** WHAT THE TASK REQUIRES **
Copy exactly. Include the line containing "2021 Ford Bronco", every line after it, and the last line below, but no pictures.

** MATERIAL PROVIDED **
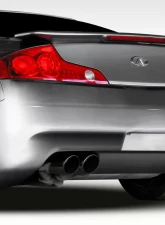 2003-2007 Infiniti G Coupe G35 Duraflex D-Spec Rear Bumper Cover - 1 Piece                                     - 112875 - Image 2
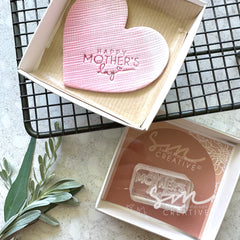 HAPPY MOTHER'S DAY IMPRESSION - Sarah Maddison Cookie Stamp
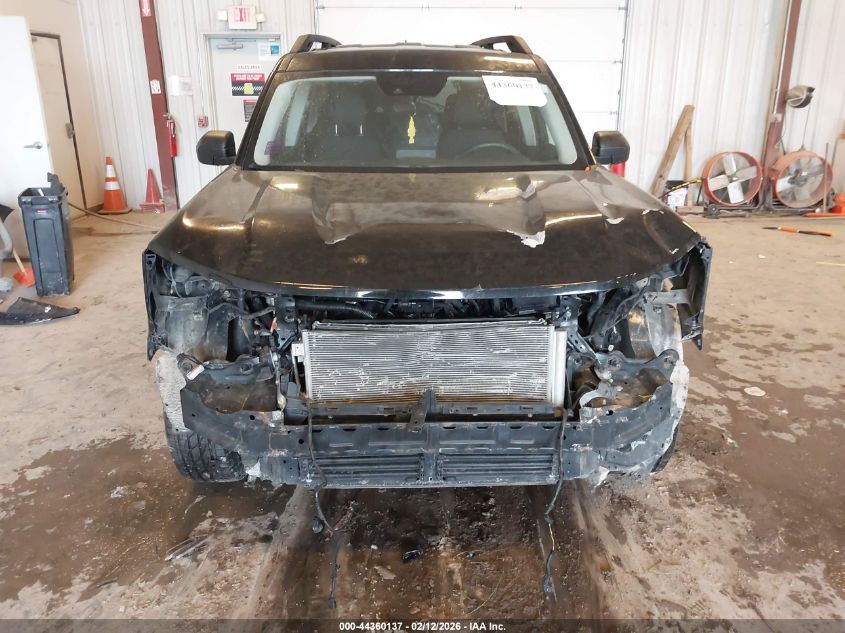 2021 Ford Bronco Sport Badlands VIN: 3FMCR9D9XMRB36119 Lot: 44360137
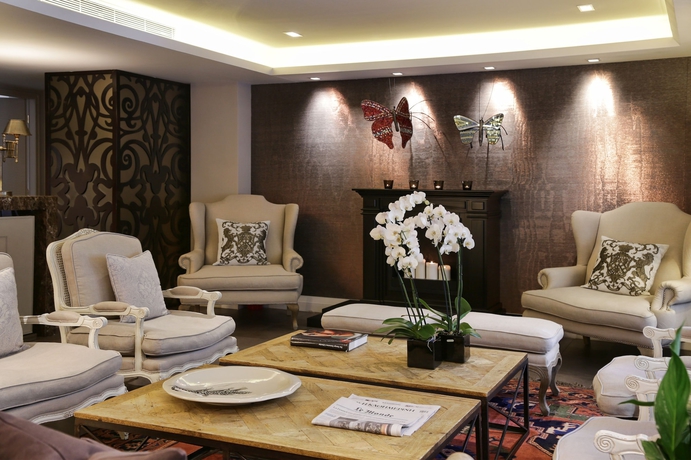 Imagen de los interiores del Hotel The Y. Foto 19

** ANSWER TO THIS PROBLEM **
 2021 Ford Bronco Sport Badlands VIN: 3FMCR9D9XMRB36119 Lot: 44360137
 Imagen de los interiores del Hotel The Y. Foto 19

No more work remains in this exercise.